What to work on ▸ Exact transcription, pictures omitted: reproduce the listing below.

Data below ▸
§

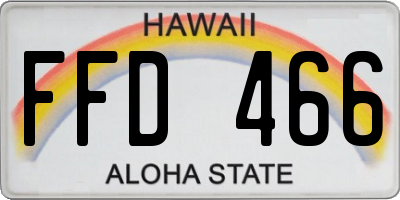 HI license plate FFD466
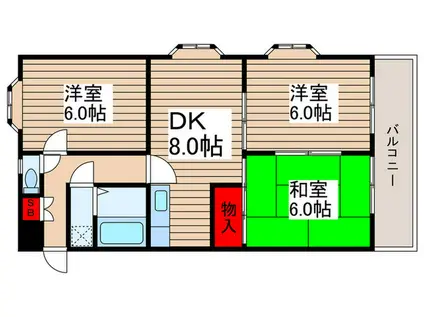武蔵野レジデンス(3DK/3階)の間取り写真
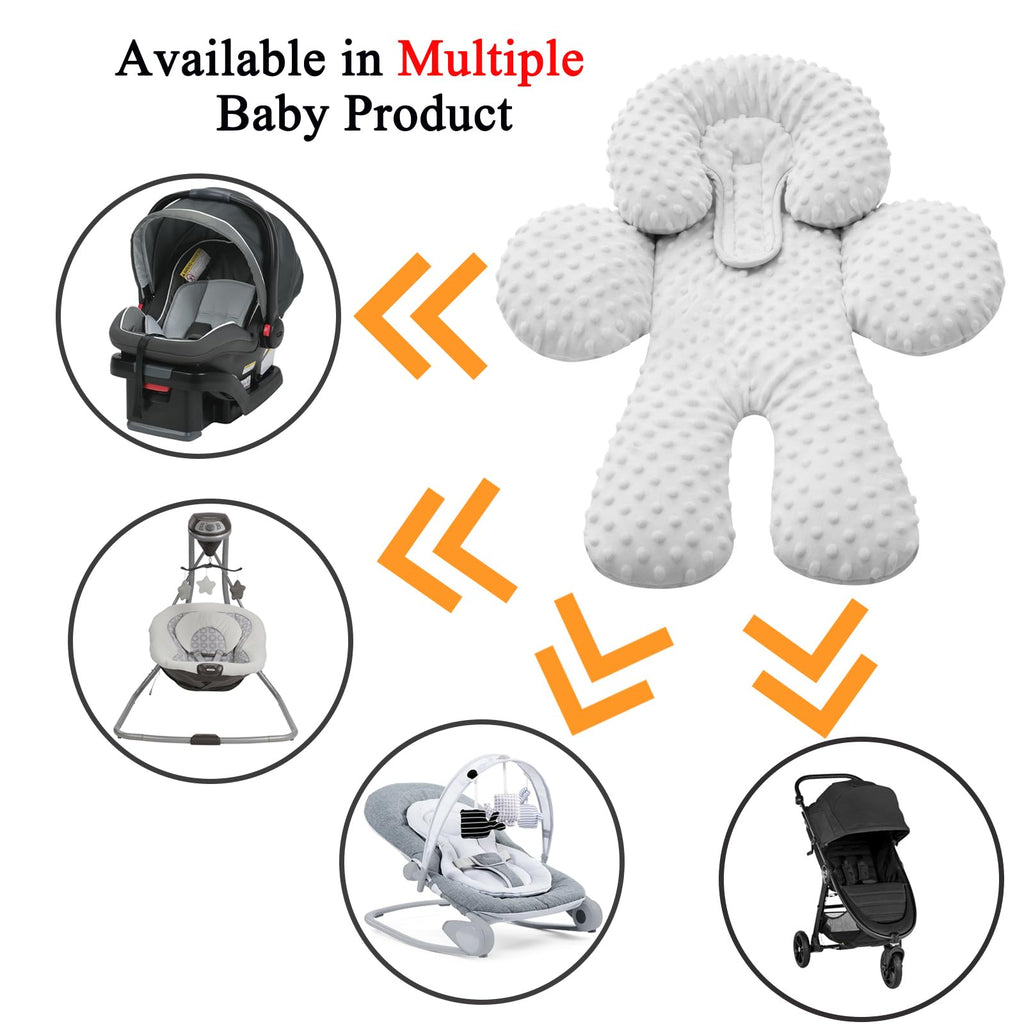 Infant Car Seat Head Neck Body Support, Ultra-Soft Minky Microfiber, 2-in-1 Reversible, Gray C2993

§

Exercise answer ▸
 HI license plate FFD466
武蔵野レジデンス(3DK/3階)の間取り写真
 Infant Car Seat Head Neck Body Support, Ultra-Soft Minky Microfiber, 2-in-1 Reversible, Gray C2993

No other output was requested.